Estrogen-based menopause hormone therapy for women in mid-life should be investigated more thoroughly as a potential strategy for preventing Alzheimer’s disease, the most common form of dementia, according to a new analysis from researchers at Weill Cornell Medicine.
The researchers, whose findings appear Oct. 23 in Frontiers in Aging Neuroscience, performed a meta-analysis of 6 clinical trials and 45 observational studies, encompassing over 6 million women, in which women were given estrogen-based therapy. The findings suggest that women who took hormones in mid-life to treat their menopause symptoms were less likely to develop dementia than those who hadn’t taken estrogen. On the other hand, women taking estrogen at ages 65 and up did not have a lower chance of an eventual dementia diagnosis compared with peers who did not receive hormone therapy.
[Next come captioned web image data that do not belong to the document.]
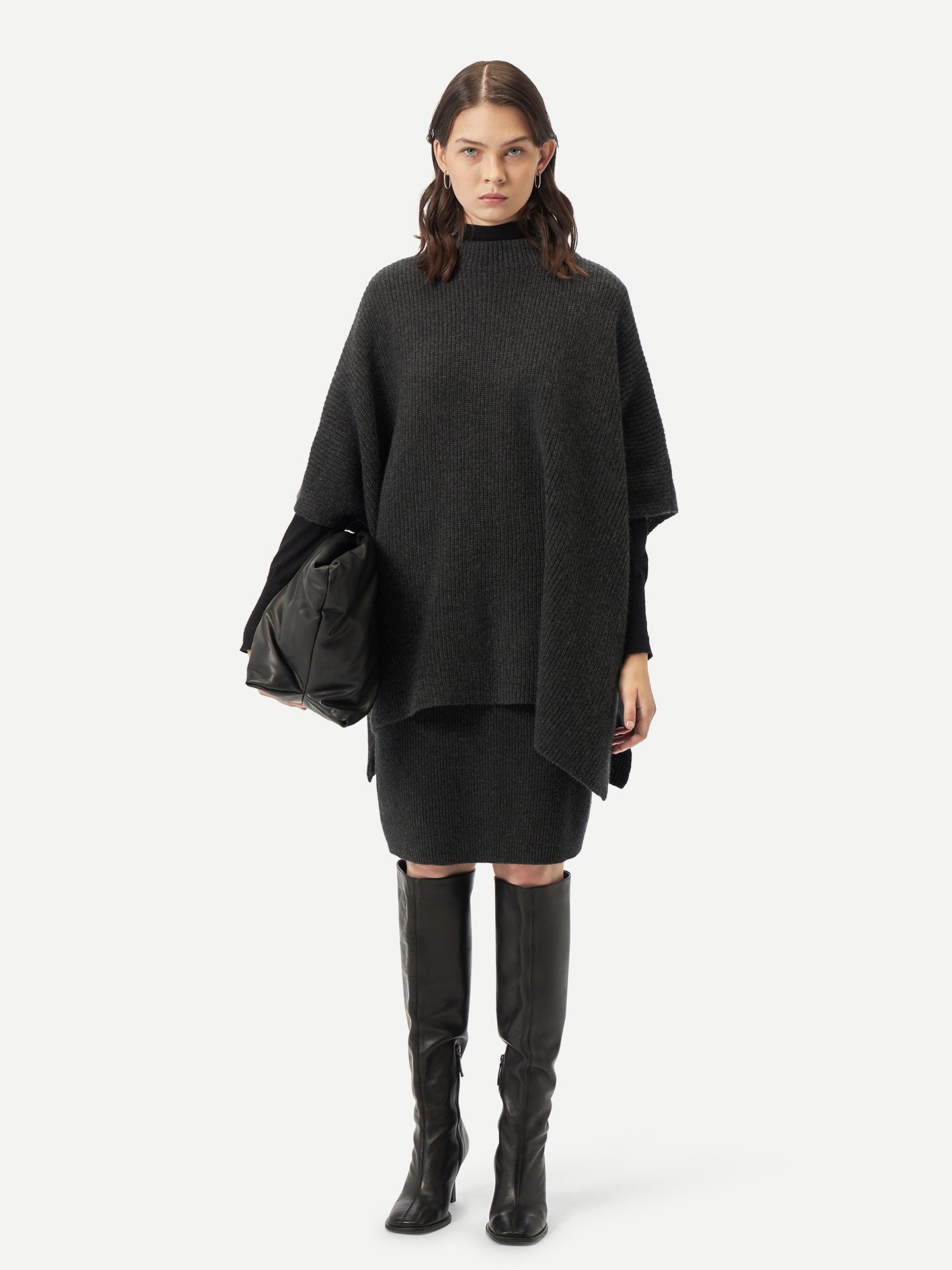 Women's Rib-Knit Cashmere Poncho Charcoal - Gobi Cashmere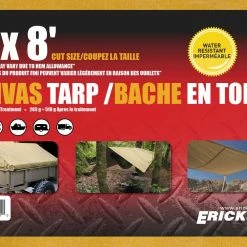 Erickson 6 x 8 Canvas Tarp 57071-MID - Covers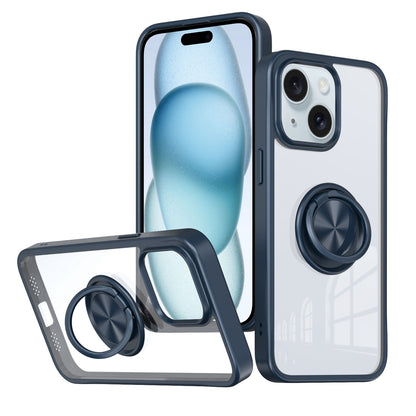 ELECTROPRIME For iPhone 15 Plus Ring Holder PC Hybrid TPU Phone Case(Blue)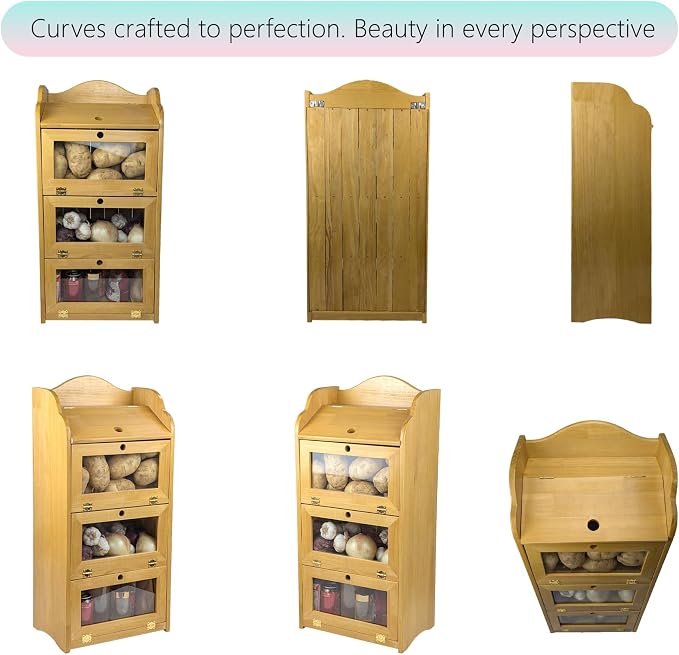 ARTAWEIN Onion and Potato Storage Bin Box Farmhouse Fruit and Vegetable Storage Small Food Kitchen Pantry Cabinet for Snack Large Bread Box for Homemade Bread Black Potato Bins - Image 8
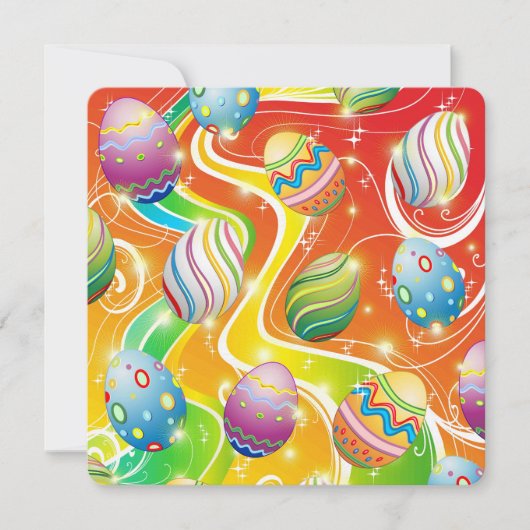 Invitation Happy Easter Eggs Festive Pattern (Devant)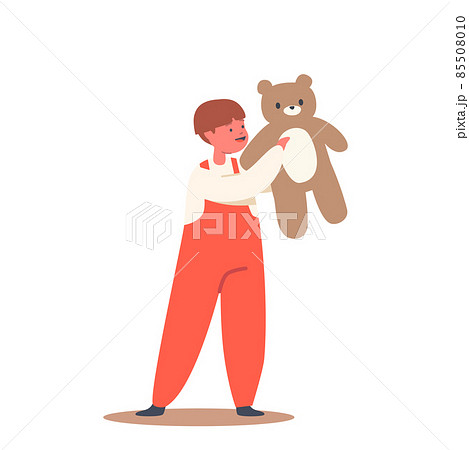 Little Child Playing with Toy. Kid with Teddy Bear Having Recreation at Home or Kindergarten, Kids Activity, Boy Fun 85508010
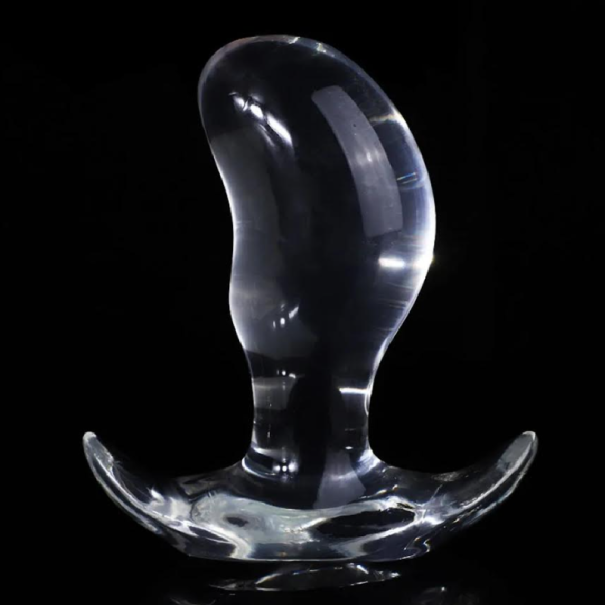 Plug anale trasparente in gomma vel.XL con allargamento confezione discreta design trasparente flessibile facile manutenzione comfort durante l'uso 1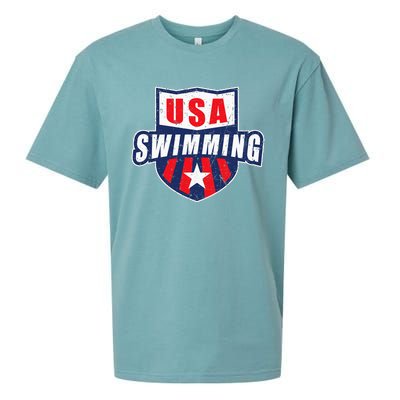 USA Swimming Team Sports Athlete US Swim Aquatic Design Sueded Cloud Jersey T-Shirt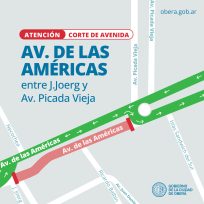 OBERÁ: Circular con precaución sobre Av. de Las Américas, se transita por media calzada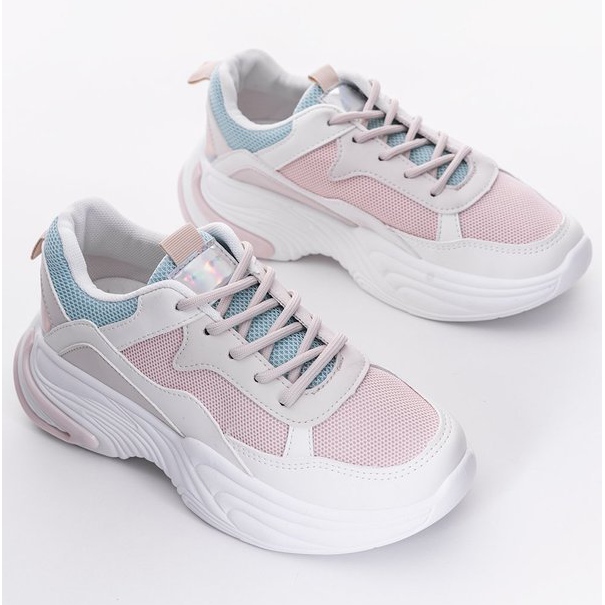 Zapatillas Yumiko de malla color crema blanco rosa 1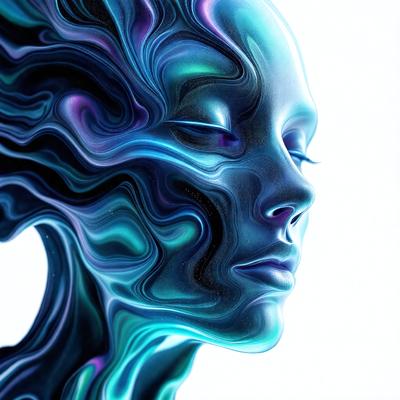 The primary subject of the image is a close-up of a woman's face, with her eyes closed. The setting is a white background, which provides a clean and minimalist look. The visual style is digital art, as the woman's face is depicted in a blue and purple color scheme, giving it a surreal and artistic appearance. The overall atmosphere is serene and contemplative, as the woman's eyes are closed, suggesting a moment of introspection or relaxation.
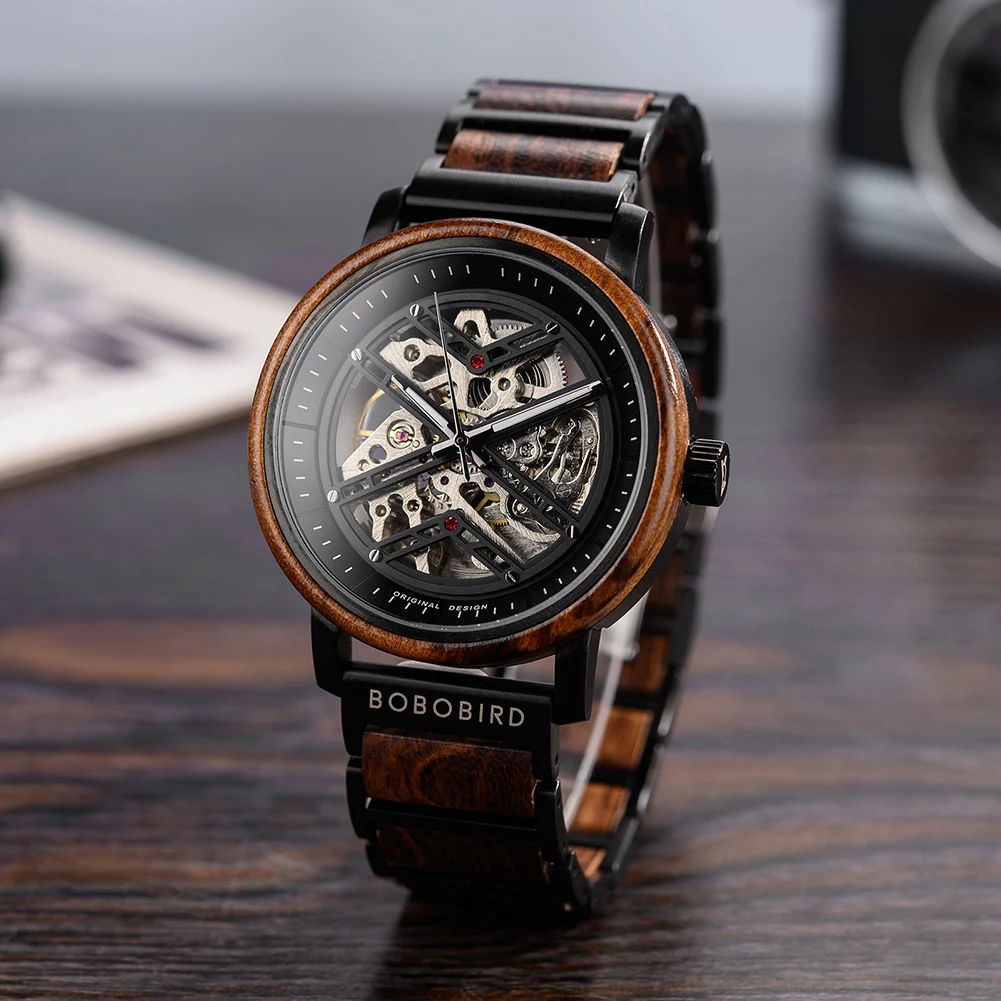 Automatic Mechanical Watch BOBO BIRD New Top Business Men Wooden Wristwatch Unique Custom Engraved Watches Christmas Gift Box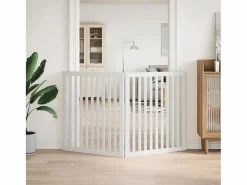Puerta para perros plegable 2 paneles madera álamo blanca 160cm < Clicnbuy Online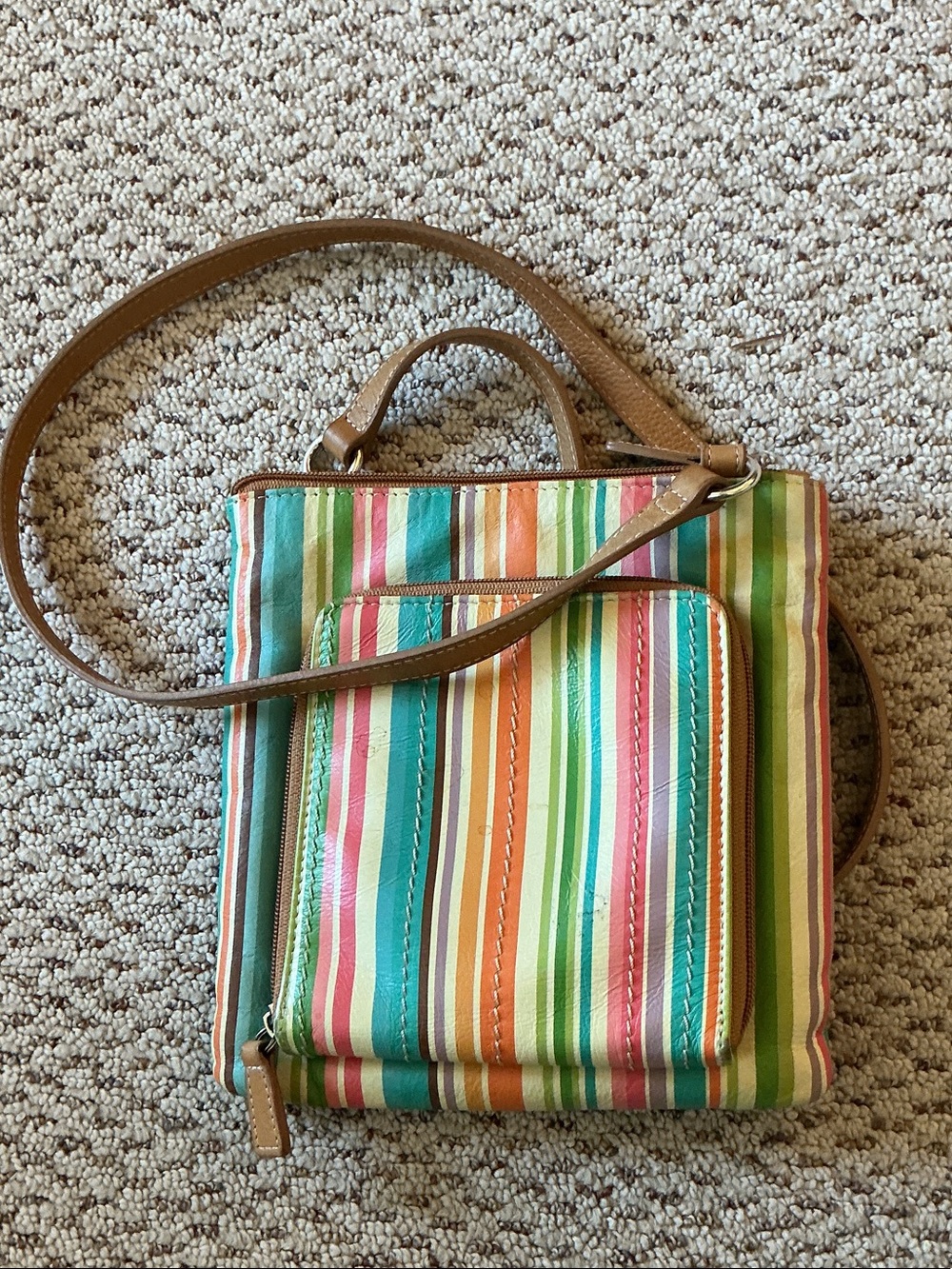 Vintage Fossil Striped Multicolor Crossbody - Brown Trim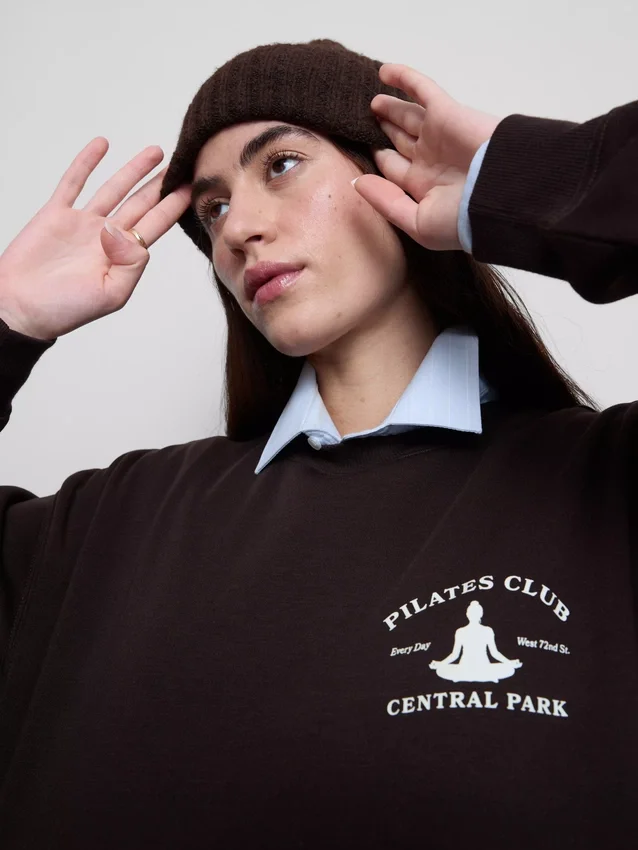 Afslappet sweatshirt i bomuldsblanding med print
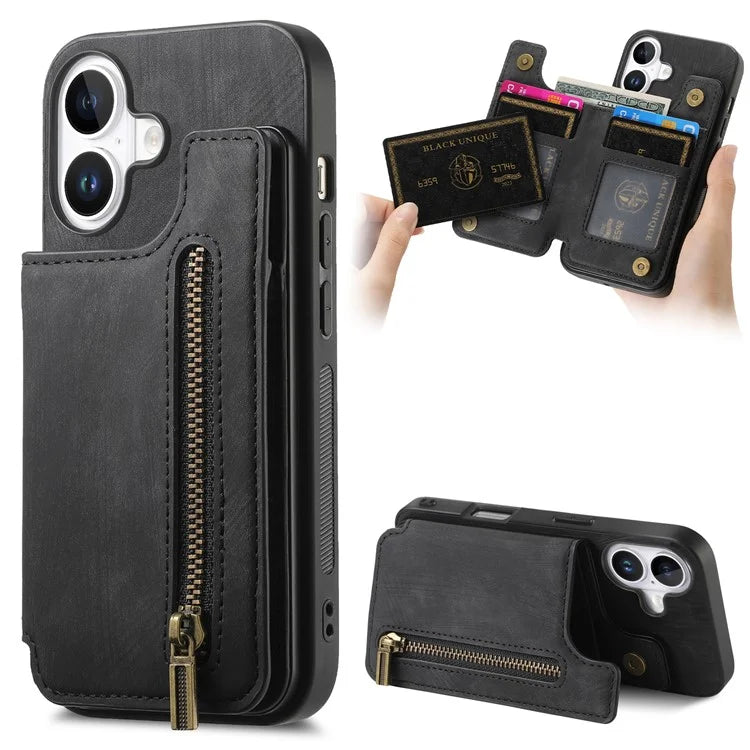 For iPhone 16 Case with Zipper Card Holder Leather+TPU Phone Cover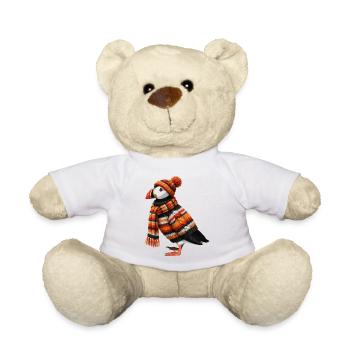 Papageitaucher Strickpullover Winter Weihnachten - Teddy - Weiß - Vorne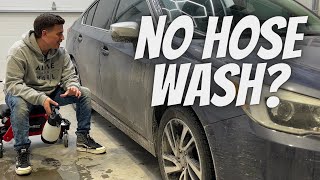 NASTY CAR NO HOSE A Rinseless Wash technique that works [upl. by Rollin]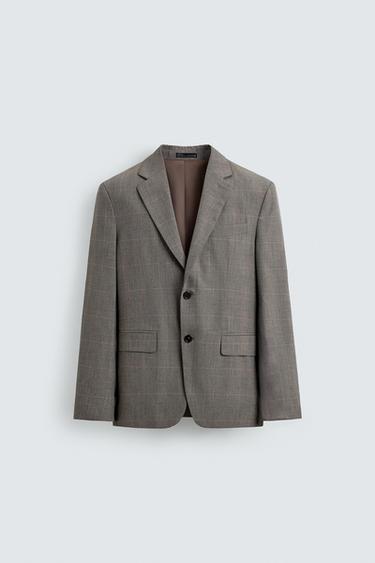 BLAZER TRAJE CUADROS - Marrón de Zara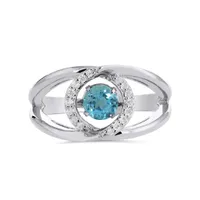 Sterling Silver Blue Topaz & Created White Sapphire Dancing Ring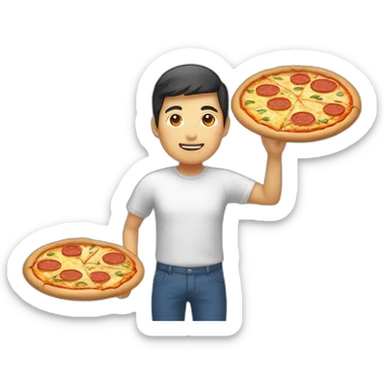 Asiatique qui mange une pizza avec des baguettes  sticker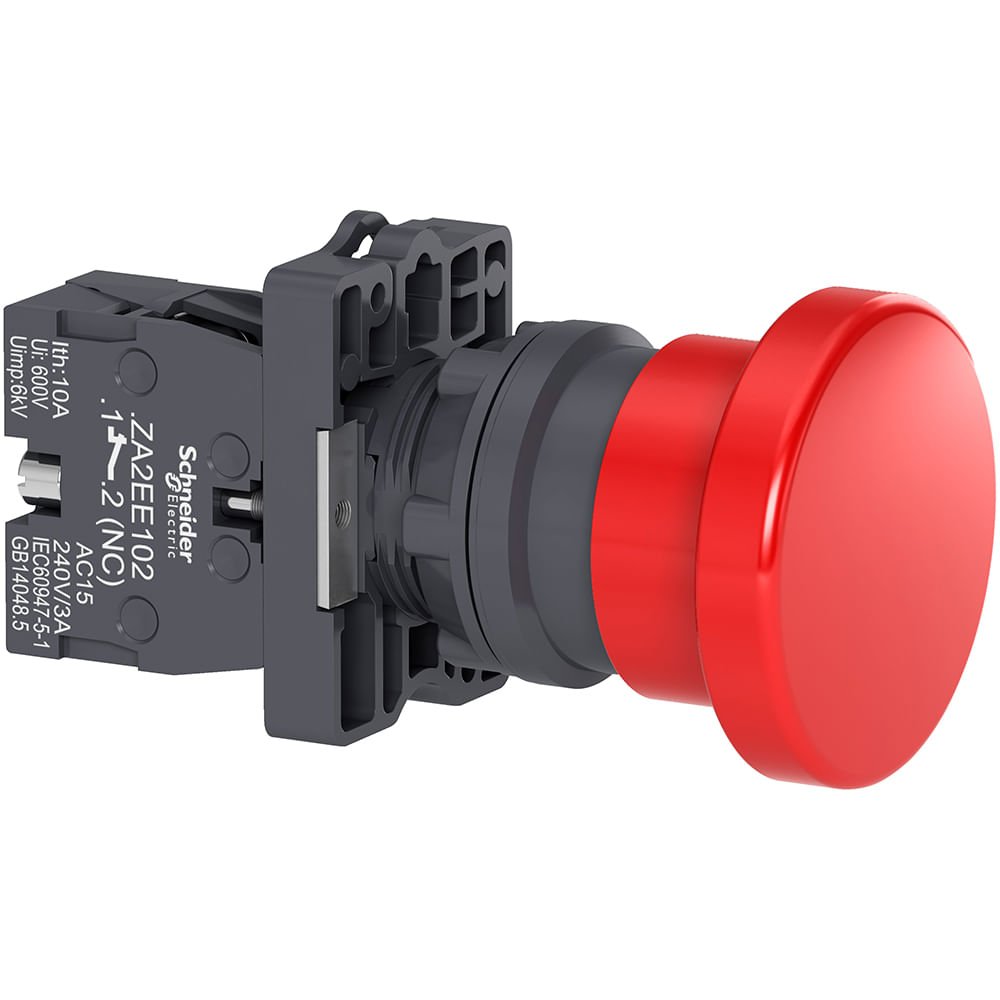 BOTÃO Ø22MM PLÁSTICO, RETORNO POR MOLA, COGUMELO Ø40, VERMELHO, NF XA2EC42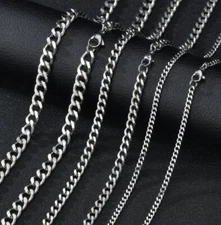 Stainless Steel  60cm(23.6 in) 5 mm link Cuban curb  Chain Necklace
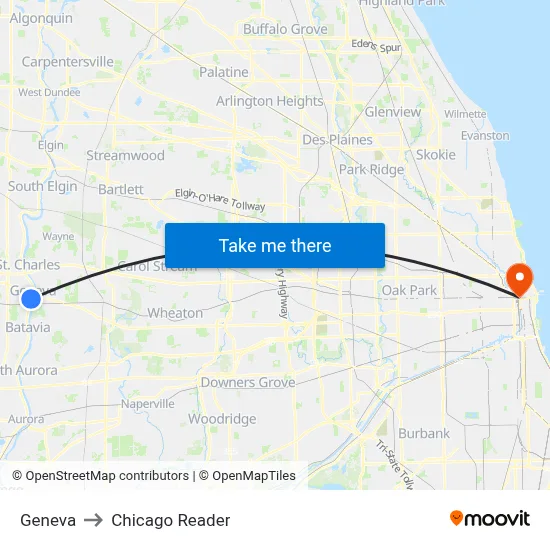 Geneva to Chicago Reader map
“These findings highlight the fact that we need more conclusive research on the possible Alzheimer’s-preventing effect of menopause hormone therapy for women in mid-life,” said study senior author Dr. Lisa Mosconi, director of the Alzheimer’s Prevention Program and of the Women’s Brain Initiative and an associate professor in the department of neurology at Weill Cornell Medicine.
The study’s first author is Dr. Matilde Nerattini, a visiting fellow in neurology at Weill Cornell Medicine.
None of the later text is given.